**Instructions for the task**
Begin with the first line of the entries below and reproduce each line exactly, ending with the line that holds "SECTIONAL SOFA BED GREY FABRIC ON SALE $935".

Material supplied section start

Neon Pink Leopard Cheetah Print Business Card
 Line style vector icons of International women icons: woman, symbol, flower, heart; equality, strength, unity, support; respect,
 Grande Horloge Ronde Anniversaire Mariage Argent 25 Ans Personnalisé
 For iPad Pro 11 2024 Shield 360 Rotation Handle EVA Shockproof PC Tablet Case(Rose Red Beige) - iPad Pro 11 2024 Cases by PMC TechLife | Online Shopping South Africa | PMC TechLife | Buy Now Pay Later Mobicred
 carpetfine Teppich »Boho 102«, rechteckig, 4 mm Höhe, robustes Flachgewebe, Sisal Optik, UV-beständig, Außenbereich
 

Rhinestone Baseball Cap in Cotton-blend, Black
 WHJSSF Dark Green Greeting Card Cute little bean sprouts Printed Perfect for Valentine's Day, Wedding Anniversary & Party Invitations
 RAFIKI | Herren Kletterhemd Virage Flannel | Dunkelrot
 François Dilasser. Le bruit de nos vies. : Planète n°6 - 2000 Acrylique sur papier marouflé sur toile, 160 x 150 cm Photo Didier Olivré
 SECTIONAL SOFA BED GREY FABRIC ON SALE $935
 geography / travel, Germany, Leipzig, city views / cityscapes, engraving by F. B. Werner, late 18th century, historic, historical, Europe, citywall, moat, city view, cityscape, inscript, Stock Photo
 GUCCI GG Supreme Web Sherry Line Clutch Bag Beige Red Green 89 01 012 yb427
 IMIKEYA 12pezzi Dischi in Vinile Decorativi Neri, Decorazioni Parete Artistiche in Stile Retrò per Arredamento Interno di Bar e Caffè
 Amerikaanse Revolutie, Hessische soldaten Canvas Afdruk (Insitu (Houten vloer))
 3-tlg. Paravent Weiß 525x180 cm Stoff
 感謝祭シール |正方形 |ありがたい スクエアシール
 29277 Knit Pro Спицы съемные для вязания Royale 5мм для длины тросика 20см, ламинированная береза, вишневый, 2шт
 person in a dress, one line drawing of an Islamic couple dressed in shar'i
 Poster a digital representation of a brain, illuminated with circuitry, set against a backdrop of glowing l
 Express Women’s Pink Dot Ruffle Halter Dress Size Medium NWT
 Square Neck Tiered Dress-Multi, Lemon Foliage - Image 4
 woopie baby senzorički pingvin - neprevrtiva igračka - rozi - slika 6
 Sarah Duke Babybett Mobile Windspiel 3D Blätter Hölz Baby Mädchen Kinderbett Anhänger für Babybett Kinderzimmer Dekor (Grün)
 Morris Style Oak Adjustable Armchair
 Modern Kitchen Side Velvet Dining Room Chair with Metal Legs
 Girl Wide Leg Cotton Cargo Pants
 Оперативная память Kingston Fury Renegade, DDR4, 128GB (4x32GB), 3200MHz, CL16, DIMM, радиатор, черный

Material supplied section end

**Answer section**
Neon Pink Leopard Cheetah Print Business Card
 Line style vector icons of International women icons: woman, symbol, flower, heart; equality, strength, unity, support; respect,
 Grande Horloge Ronde Anniversaire Mariage Argent 25 Ans Personnalisé
 For iPad Pro 11 2024 Shield 360 Rotation Handle EVA Shockproof PC Tablet Case(Rose Red Beige) - iPad Pro 11 2024 Cases by PMC TechLife | Online Shopping South Africa | PMC TechLife | Buy Now Pay Later Mobicred
 carpetfine Teppich »Boho 102«, rechteckig, 4 mm Höhe, robustes Flachgewebe, Sisal Optik, UV-beständig, Außenbereich
 

Rhinestone Baseball Cap in Cotton-blend, Black
 WHJSSF Dark Green Greeting Card Cute little bean sprouts Printed Perfect for Valentine's Day, Wedding Anniversary & Party Invitations
 RAFIKI | Herren Kletterhemd Virage Flannel | Dunkelrot
 François Dilasser. Le bruit de nos vies. : Planète n°6 - 2000 Acrylique sur papier marouflé sur toile, 160 x 150 cm Photo Didier Olivré
 SECTIONAL SOFA BED GREY FABRIC ON SALE $935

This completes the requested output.